Ed Johnson was lynched from the Walnut Street Bridge just before midnight on March 19, 1906.
The angry crowd of armed men had worked for hours to break down the door of the jail, hammering away at the five rivets that held the steel-barred door in place. As they worked, the mob outside the jail grew. No one in power tried to stop them. If someone protested, their voices went unheeded.
Johnson, wrongfully accused and convicted at just 24 years old, sat inside his jail cell as the hours ticked away. He could hear the pounding of the hammer and the shouts from crowd outside.
“Johnson sat on his bunk without moving a muscle. He prayed and prayed again, realizing the end was near. He no longer sought God’s deliverance from the angry mob, but now asked for courage and strength. He just wanted the affair to be over as quickly as possible. He wished he could see his dad and mom and sister just one more time, and worried the mob would go after his family next,” wrote Leroy Phillips and Mark Curriden in Contempt of Court.

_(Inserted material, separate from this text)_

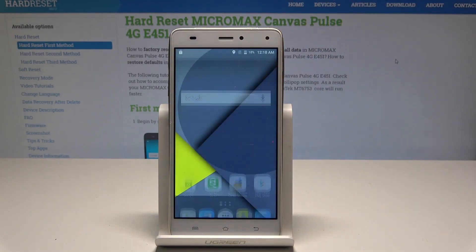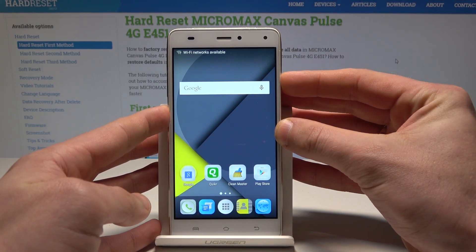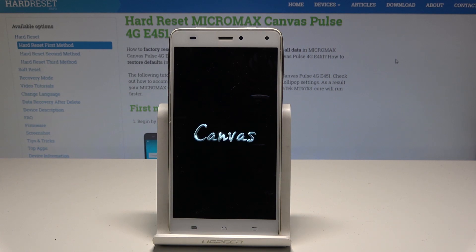Here I have Micromax Canvas Pose and let me show you how to enter the boot mode on this device. At the very beginning, let's start by pressing the power key, choose power off, and wait until your device is completely switched off.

The last rivet gave away at close to 11 pm. The mob leaders hauled Johnson out of the Hamilton County jail and marched him out into the darkness of night. He walked the six blocks up to the bridge, surrounded by more than 1,500 people who vowed to see him dead. An innocent man. A dark night.

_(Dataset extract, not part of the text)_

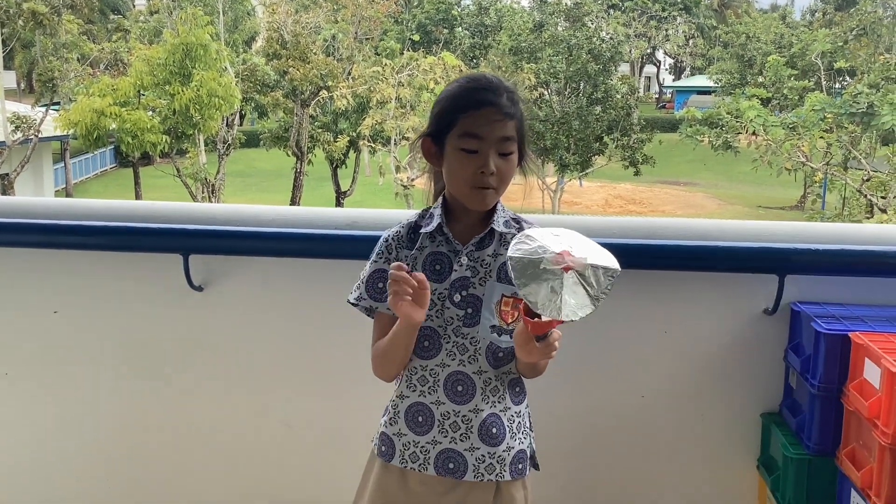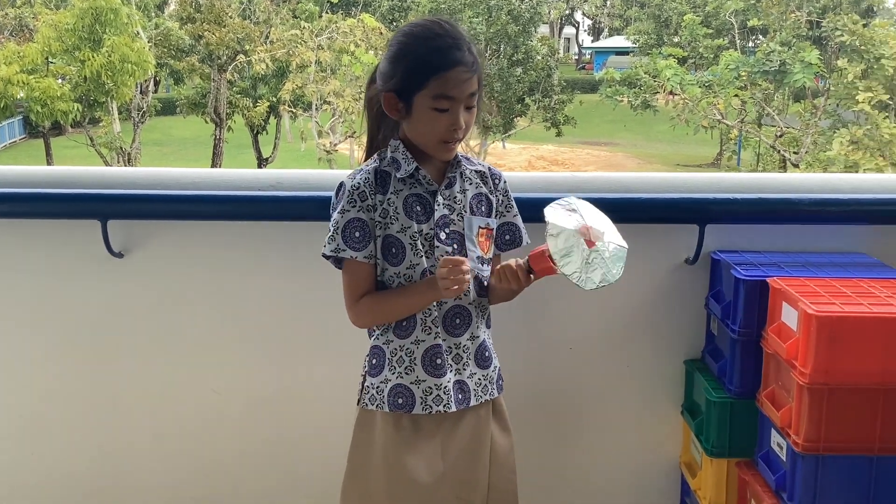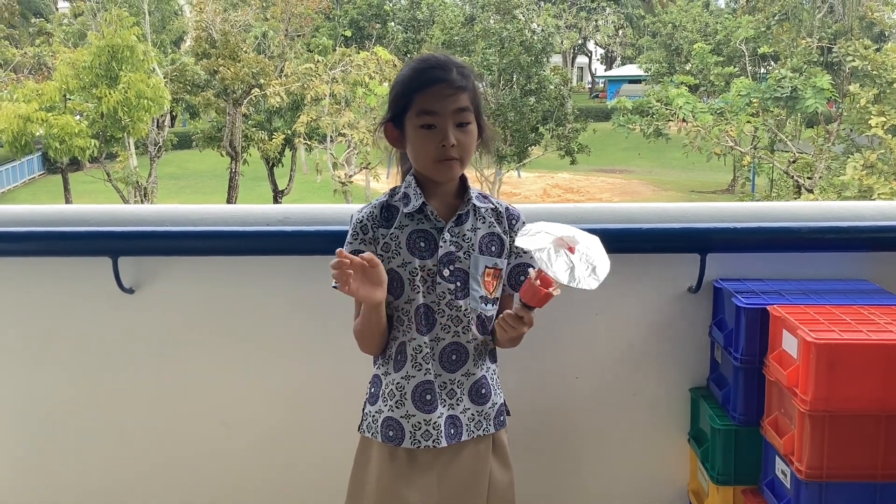This is made out of popsicle sticks, duct tape, masking tape, cereal boxes, and tin foil.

One hundred-eleven years later, a crowd gathered at the Walnut Street Bridge on a sunny afternoon. March 19, 2017. About 300 people. Bright sunlight against the blue bridge.
We had come to say we were sorry for the wrong done to Ed Johnson. We wanted to bring the community together in reconciliation and to work together towards unity.
“We come together because the time is right now,” Eleanor Cooper told the crowd. “It is right for our community, and it is right for our nation. And the thing that we are bringing to this is reconciliation, healing and bringing together the races in a harmonious way. But we do it by remembering, by remembering what was done that was wrong. And remembering we can do that again, if we don’t remember. There’s a veil of silence that settles over our memories, and we need to remove so that we can be fully together.”
It seemed like such a small gesture. Too little and too late for Ed Johnson. But it is what we can do 111 years later.
We can remember a life that was taken unjustly. We can honor the man who said, “God bless you all. I am a innocent man.” We can vow to bring his death out of the darkness of night and into light of day.